I like the set-up. It sometimes seems like overkill when it's a historical or biographical survey (depending, of course--but it's always skippable), but for theology, theory, philosophy, etc., I always appreciate it even when it IS a recap.

And I've been having much the same experience with a bad book that overlaps with my own area--it was surprisingly helpful in allowing me to realize that I'm NOT doing what she does, and neither do I wish to be doing what she does.

Victory in our time.

Ink said...

It depends on what kind of set-up is involved. I do like to read a brief critical history of the specific main issue/s or questions to be explored in the rest of the book (showing what work other scholars have done on the matter to date and how this book will revise or extend) but *not* a history or overview of the general topic, per se. In other words, it's helpful for me to see upfront exactly how the author envisions her/his argument as fitting into (or breaking out of) the existing discussion.

Polvo said...

I'm struggling with this myself at the moment. I suspect you'll need the basic survey - I'm a final year PhD student in Renaissance Literature (or is it Baroque??), so one wing of your intended readership, I guess. My knowledge of theology is getting better, but would still be hard to underestimate. And anyway, different writers tend to emphasize very different strains, so I'd say go for the basic survey. If necessary, make it very brief with lots of helpful footnotes telling me where to go for a more detailed introduction to the subject (but ideally still something brief enough that I might actually read it in order to read you).

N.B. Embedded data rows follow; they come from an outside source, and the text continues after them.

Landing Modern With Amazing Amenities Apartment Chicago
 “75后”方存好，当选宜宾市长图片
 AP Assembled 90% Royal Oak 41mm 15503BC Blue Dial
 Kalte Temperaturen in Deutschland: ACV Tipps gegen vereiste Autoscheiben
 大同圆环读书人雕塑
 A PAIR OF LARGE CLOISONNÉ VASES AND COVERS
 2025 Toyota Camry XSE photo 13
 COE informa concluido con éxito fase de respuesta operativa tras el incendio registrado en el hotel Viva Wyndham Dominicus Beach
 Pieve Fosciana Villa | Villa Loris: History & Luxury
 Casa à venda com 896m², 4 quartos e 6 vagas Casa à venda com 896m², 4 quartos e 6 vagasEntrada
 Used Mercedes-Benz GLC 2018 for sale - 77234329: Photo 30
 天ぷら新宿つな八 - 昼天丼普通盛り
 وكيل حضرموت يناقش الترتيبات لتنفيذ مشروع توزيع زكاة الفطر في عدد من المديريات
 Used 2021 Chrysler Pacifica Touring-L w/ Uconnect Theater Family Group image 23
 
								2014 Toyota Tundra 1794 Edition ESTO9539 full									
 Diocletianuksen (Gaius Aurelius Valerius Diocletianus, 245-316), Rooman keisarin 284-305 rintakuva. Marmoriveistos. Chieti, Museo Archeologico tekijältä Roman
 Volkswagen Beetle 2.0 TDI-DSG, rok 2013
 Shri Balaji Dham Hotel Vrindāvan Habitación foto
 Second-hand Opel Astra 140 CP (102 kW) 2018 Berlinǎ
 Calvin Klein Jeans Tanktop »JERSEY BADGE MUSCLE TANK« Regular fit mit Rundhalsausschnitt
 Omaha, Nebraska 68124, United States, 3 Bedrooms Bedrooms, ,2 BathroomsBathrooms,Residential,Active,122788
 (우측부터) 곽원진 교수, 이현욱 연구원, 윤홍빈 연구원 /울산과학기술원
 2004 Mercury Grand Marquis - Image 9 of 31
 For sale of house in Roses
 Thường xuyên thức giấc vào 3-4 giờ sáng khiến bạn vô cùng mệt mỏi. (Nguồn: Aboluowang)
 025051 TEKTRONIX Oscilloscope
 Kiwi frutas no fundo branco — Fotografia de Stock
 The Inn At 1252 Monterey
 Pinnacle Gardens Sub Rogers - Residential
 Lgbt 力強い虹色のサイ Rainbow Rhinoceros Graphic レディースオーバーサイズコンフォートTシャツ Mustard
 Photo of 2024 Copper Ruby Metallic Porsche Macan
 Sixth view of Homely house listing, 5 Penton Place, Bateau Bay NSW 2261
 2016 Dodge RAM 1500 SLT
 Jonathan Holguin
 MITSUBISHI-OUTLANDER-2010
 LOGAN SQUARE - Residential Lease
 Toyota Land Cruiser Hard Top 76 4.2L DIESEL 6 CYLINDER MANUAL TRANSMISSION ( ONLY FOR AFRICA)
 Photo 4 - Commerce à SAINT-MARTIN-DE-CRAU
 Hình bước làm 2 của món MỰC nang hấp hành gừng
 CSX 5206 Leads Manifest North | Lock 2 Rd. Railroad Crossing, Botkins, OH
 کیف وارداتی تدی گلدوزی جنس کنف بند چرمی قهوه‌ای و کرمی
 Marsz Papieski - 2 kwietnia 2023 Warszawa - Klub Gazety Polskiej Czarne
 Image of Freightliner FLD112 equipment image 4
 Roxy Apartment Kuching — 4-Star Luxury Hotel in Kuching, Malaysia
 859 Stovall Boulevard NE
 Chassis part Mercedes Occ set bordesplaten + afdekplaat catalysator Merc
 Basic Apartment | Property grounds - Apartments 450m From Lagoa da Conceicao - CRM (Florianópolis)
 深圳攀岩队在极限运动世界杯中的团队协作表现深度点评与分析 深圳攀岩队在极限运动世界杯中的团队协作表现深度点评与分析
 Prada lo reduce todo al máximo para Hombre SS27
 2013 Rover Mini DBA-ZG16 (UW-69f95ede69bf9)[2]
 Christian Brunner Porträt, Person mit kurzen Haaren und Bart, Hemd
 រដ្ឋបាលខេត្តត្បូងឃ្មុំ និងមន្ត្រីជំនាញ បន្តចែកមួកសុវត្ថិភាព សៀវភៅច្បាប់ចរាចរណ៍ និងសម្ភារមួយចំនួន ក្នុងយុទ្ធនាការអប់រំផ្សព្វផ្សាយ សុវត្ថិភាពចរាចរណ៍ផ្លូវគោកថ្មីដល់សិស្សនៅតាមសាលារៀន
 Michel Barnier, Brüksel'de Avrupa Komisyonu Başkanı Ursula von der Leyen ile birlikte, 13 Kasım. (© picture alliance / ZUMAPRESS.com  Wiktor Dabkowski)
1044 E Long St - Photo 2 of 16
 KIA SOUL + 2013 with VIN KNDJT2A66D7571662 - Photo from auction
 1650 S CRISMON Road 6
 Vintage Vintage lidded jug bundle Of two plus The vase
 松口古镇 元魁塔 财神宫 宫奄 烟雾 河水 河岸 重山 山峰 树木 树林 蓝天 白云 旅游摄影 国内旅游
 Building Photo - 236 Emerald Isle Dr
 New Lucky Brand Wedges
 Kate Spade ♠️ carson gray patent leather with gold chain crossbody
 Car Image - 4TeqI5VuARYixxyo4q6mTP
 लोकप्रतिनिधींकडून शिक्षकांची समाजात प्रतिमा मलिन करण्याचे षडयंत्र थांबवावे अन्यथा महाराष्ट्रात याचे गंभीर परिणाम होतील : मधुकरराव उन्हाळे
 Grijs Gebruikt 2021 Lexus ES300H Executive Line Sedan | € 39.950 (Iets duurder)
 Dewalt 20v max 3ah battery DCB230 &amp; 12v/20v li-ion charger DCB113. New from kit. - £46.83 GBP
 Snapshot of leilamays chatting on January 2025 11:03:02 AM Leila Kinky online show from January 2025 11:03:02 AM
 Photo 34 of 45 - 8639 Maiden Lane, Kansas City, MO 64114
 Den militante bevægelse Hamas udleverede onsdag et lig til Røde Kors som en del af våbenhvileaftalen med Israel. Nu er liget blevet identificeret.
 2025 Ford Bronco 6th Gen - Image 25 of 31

The danger in starting with the general survey is that it makes one's book or thesis or article or whatever sound exactly like a hundred others, and simply not much fun to read (and I think academic reading SHOULD be fun! At least whenever possible...) What I seem to end up doing (and there's a risk that this approach too becomes overly formulaic) is starting off with something that throws the reader straight into the particularities of the subject, ideally leaving them a little off-balance, too: start off with a close reading of a text, or some peculiar story or comparison, something that grabs the reader. Ideally this then sets things up nicely so that the reader is then really hungry for that explanation of basic Renaissance theology, or neo-Stoicism, or late medieval Florentine economics, or whatever it is that you need to introduce them to. I do generally like the historical situation to be set up for me at the start of a study, but find it helps me engage with it if I have a concrete example of its relevance put under my nose beforehand. If it comes off well, you can then go back to the particular point or text you started off with and give some clues as to how the thesis you are about to present will help us all make so much more sense of it all.

All that said, I still haven't found a decent way of opening my current chapter. Let us know what you go for!

Blue Cheese said...

Is there a middle ground?

(BTW: the code I had to type in was "sermin," which, given the topic under conversation, I thought was pretty cool.)

Anonymous said...

I spend a lot of time with cultural history as it relates to theology, and my experience is that even specialists usually need an introduction that covers some of the finer points. People tend to know general things, but the specific issues that are often in play in sixteenth-century works are foreign to most of us.